Il suono del Valzer dei Fiori di Tchaikovsky mi accompagna in questo umido pomeriggio di Dicembre. La sua musica sinuosa e ammiccante mi racconta di mondi che non ho mai conosciuto, con la loro eleganza, il portamento, la camminata lunga e maestosa. La sensazione del mio peso sul divano mi riporta ad una molto meno edificante realtà, in compagnia di uno strascico post-vacanze di Natale che, già quasi intimo amico, mi segue dovunque vada. La fiamma si agita nella stufa, i suoi colori animano la stanza, lasciandola al contempo tranquilla. Mio figlio gioca con una scatola di cracker abbandonata sul tavolino di noce in salotto.

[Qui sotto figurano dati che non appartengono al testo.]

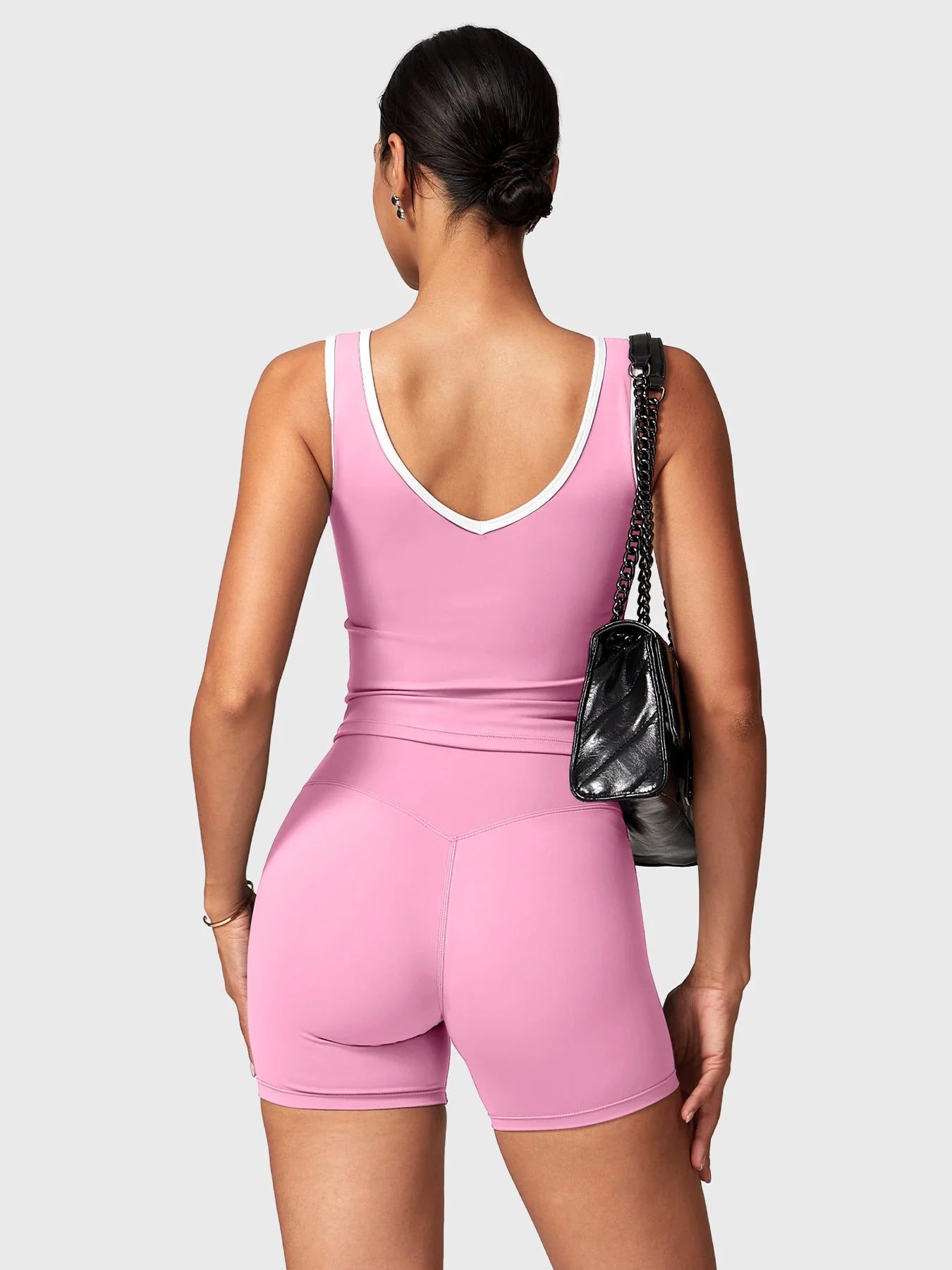 Yeoreo Alberta Contrast Trim Shorts Sports Set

Quanto eterno può essere un istante?
Nella stufa comincia a mancare la legna, toccherà andare a prenderla. Mio figlio mi porta un libriccino sugli animali della fattoria, chiede antidemocratico che glielo legga. Tchaikovsky sta per concludere il movimento, ed il divano, che fino a poco fa si prestava accogliente al mio posteriore, sembra ora rifiutarlo con sempre maggior decisione.
E quanto è sempre di passaggio?
Presto attenzione al libriccino che mi viene porto. L’eternità è ormai lontana.